2. Performance Benchmarks
Some best practices don’t change whether the application is hosted internally or externally. Baseline and establish internal benchmarks for normal service behavior with regards to cloud service utilization, number of concurrent users, overall cloud service response time, and response time for specific transactions. Also, incorporate any relevant SLA thresholds into baseline reports.
3. Internal Infrastructure and Network
It may be obvious, but when dealing with the cloud vendor, the internal network will always be guilty until proven innocent. Track and trend performance and availability metrics for servers, routers, switches, and other service components. For servers this includes metrics like CPU utilization, memory usage, and disk space. For routers and switches, keep tabs on port, CPU, and memory utilization. Also, record client and server response times for your internal network. Finally, be sure to monitor specific protocol transactions for issues. For one Network Instruments customer we’ll discuss later, this was the proof he needed to prove to a cloud vendor that the error was on their side.

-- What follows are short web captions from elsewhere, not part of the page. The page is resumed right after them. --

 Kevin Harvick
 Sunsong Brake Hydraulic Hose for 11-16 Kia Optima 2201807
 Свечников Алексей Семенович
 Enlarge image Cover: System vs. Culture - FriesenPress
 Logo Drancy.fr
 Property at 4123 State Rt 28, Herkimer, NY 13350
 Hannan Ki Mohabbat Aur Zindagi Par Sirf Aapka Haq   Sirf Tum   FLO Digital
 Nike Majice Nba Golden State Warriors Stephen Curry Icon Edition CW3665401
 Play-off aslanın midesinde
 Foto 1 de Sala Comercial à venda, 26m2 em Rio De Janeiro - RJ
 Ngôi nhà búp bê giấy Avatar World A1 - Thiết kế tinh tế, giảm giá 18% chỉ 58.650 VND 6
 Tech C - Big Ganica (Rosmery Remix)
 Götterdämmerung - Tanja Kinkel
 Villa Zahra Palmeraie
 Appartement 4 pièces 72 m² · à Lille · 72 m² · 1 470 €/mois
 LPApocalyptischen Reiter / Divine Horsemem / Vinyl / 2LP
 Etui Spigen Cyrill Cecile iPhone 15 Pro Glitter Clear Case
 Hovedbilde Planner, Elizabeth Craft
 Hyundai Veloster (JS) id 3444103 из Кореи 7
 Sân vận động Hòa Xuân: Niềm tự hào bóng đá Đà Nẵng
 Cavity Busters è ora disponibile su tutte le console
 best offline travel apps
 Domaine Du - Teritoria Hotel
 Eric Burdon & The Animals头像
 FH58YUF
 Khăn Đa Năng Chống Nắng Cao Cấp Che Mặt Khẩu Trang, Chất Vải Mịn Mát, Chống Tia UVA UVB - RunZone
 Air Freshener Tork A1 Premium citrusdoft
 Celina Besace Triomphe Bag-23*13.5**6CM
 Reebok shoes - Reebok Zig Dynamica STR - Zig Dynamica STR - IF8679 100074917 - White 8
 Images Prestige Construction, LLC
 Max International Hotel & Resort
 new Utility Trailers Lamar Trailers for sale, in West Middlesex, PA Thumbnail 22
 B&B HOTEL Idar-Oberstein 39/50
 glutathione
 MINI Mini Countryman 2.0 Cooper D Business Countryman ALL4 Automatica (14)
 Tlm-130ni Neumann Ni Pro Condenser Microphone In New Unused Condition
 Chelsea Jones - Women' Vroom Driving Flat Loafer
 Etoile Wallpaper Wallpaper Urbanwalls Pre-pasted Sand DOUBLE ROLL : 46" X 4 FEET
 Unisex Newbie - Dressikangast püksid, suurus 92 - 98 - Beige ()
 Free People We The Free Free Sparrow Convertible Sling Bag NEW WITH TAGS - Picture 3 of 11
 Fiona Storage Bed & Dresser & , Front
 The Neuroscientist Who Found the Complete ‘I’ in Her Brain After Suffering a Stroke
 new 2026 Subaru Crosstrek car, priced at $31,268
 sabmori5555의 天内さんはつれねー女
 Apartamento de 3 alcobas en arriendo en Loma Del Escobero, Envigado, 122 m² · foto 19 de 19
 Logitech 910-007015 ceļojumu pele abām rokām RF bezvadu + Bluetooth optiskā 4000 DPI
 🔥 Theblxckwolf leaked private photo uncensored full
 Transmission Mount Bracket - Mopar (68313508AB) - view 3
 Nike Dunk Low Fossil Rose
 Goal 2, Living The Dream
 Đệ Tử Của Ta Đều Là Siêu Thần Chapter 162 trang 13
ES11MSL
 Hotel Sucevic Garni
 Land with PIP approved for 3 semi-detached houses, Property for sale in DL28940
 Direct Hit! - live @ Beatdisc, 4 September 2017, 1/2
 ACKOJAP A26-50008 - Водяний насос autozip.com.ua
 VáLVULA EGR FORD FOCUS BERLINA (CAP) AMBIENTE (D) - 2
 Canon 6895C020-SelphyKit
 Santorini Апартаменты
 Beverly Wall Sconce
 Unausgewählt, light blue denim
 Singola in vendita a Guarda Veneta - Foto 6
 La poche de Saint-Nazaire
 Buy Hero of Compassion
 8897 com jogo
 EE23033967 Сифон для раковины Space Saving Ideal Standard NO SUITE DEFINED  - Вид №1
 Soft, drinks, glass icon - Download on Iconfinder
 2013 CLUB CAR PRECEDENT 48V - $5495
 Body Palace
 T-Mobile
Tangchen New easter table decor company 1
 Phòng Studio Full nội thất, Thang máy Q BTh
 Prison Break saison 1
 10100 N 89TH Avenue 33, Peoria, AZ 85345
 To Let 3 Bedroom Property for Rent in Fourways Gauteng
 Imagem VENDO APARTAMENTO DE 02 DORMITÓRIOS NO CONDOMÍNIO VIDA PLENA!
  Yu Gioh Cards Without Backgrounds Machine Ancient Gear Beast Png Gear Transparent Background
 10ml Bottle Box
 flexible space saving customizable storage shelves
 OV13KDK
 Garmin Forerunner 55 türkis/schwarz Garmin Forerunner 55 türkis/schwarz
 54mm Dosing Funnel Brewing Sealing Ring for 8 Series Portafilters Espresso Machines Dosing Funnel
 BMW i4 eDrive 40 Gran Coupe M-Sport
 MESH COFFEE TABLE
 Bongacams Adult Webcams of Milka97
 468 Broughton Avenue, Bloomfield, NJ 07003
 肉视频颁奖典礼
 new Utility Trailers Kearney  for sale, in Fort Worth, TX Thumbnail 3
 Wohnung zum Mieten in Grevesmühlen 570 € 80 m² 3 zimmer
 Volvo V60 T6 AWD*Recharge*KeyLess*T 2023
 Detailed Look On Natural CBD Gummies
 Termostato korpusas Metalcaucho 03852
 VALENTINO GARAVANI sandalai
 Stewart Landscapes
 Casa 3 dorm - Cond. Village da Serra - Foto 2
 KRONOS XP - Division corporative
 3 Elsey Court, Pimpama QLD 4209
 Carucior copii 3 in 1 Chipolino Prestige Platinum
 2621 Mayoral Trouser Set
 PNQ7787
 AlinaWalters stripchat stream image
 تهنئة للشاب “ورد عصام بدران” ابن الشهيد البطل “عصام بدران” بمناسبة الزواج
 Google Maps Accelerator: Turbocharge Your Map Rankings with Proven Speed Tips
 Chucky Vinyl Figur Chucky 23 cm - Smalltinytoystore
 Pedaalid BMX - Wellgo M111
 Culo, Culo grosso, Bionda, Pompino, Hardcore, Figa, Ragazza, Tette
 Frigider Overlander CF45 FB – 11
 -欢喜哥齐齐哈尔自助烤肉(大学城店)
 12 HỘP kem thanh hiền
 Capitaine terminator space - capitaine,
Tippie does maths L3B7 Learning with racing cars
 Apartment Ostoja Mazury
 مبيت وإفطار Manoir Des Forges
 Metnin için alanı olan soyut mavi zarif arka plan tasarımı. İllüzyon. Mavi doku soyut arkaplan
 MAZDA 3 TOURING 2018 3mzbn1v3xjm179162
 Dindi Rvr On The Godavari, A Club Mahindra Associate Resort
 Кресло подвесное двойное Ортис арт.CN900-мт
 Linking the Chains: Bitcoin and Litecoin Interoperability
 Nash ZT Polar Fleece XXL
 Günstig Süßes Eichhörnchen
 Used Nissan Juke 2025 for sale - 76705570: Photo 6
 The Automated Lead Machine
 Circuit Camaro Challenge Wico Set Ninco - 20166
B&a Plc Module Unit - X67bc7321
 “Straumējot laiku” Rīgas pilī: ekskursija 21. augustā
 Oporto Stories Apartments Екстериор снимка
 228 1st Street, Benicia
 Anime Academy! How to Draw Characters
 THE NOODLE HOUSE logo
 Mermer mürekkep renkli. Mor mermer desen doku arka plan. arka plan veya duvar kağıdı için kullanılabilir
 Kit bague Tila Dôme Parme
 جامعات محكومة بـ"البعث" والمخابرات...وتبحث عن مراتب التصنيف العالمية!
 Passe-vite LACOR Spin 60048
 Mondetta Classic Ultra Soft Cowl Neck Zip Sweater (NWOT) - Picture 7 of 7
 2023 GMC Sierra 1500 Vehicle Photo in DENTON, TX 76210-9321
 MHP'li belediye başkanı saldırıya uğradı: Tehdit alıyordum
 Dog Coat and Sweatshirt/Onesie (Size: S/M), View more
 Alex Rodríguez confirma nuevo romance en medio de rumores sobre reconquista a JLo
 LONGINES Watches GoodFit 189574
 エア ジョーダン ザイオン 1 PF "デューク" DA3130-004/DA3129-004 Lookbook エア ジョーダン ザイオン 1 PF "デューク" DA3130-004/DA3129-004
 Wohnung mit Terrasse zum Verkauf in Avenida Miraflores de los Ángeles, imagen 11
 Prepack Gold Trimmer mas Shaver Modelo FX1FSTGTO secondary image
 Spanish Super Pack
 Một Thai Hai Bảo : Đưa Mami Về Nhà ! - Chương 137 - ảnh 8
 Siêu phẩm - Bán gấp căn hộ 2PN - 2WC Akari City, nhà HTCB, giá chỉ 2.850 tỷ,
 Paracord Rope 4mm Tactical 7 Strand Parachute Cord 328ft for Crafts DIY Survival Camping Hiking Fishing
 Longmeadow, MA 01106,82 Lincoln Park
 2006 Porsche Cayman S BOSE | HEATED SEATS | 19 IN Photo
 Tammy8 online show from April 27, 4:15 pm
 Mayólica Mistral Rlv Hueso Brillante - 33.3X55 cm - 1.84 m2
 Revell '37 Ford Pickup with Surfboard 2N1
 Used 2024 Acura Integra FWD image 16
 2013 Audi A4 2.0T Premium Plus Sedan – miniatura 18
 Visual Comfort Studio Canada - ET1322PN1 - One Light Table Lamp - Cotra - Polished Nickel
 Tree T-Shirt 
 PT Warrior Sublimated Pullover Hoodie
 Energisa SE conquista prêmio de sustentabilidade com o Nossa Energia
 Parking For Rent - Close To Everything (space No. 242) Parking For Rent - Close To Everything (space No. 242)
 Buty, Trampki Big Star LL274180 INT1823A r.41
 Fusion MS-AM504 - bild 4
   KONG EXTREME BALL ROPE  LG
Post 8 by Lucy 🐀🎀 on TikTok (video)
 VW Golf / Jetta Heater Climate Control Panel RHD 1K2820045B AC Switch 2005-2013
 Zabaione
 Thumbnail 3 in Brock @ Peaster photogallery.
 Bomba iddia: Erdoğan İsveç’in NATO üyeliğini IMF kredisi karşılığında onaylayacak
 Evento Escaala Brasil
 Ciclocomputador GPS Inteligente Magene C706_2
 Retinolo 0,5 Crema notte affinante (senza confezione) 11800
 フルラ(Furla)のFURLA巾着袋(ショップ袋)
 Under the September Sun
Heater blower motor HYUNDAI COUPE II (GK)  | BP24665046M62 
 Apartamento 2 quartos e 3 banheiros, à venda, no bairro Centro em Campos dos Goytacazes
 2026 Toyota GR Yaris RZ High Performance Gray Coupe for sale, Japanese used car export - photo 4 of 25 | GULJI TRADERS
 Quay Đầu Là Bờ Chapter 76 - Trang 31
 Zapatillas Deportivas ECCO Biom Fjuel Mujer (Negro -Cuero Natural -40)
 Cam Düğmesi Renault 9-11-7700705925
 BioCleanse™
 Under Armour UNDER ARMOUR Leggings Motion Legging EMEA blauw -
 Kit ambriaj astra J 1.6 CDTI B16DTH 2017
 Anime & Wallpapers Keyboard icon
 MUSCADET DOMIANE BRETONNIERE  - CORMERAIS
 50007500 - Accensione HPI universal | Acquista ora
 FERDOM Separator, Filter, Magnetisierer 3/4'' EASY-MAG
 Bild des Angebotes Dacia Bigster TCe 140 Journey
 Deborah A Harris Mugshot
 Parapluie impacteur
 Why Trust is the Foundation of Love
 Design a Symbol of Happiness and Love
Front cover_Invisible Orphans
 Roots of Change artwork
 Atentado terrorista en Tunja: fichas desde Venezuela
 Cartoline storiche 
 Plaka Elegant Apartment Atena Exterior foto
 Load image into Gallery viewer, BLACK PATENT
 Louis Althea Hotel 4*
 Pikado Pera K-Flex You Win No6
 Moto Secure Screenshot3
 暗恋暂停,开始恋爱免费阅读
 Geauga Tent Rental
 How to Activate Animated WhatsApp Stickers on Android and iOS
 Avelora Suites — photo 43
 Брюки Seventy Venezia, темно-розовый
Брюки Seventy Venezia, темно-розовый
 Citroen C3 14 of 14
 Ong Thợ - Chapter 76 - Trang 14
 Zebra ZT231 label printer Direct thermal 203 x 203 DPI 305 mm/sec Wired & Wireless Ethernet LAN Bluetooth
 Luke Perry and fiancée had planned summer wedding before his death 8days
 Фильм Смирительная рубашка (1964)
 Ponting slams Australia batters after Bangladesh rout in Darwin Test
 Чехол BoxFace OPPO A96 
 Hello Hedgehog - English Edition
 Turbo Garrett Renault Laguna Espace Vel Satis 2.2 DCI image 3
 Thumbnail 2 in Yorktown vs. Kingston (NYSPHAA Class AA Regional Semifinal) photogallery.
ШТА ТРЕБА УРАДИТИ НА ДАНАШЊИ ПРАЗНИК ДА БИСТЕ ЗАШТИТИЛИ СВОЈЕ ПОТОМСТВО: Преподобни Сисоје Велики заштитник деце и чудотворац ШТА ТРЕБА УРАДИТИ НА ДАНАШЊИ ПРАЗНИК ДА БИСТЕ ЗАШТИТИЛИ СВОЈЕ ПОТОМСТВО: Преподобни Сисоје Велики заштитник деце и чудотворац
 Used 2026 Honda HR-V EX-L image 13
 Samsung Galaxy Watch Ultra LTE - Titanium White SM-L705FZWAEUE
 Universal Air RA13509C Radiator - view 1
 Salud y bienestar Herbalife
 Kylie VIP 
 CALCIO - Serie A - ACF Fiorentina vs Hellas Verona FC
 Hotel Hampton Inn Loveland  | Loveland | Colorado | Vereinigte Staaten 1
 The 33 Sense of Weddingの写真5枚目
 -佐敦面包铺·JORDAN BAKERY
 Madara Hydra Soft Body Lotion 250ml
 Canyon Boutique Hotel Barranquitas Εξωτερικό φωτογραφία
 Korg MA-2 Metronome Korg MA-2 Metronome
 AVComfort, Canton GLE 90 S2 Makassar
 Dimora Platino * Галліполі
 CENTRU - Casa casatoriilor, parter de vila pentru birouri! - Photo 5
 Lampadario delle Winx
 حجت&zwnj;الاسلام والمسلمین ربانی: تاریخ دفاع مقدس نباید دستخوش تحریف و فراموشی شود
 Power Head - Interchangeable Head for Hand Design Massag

4. Availability and Route Monitoring
Once the internal network is ruled out, how do you determine the problem location? Set up analysis tools to regularly perform an operation with the cloud service via synthetic transactions. This is more complex than a ping, and should mimic user interactions with the service. From these results, your tools or network team can determine availability and uptime. If your tools track the route, you can also pinpoint where delay might be occurring for a specific problem.
Unlike most applications, cloud services may be managed by a department outside of IT, which can add new management complexities to performance monitoring. This was the case for a major US retailer and Network Instruments customer when the cloud vendor’s techs blamed the retailer’s network for causing service problems. The human resources department, who was in charge of managing the service, immediately turned to their network team to resolve the issue.
As their network engineer explained, “the externally-hosted program we used to verify that accounts had sufficient funds was locking up and freezing. Using pings and synthetic transactions, we were unable to get back the requested data from the site. With the GigaStor retrospective analysis appliance, we were able to verify that our data was going out, but we weren’t seeing the expected data coming back. We shared this information with the provider, and they went back and detected that they had a misconfiguration issue on their side and were responding to us on the wrong IP. Since proving this with GigaStor, things have been running problem free.”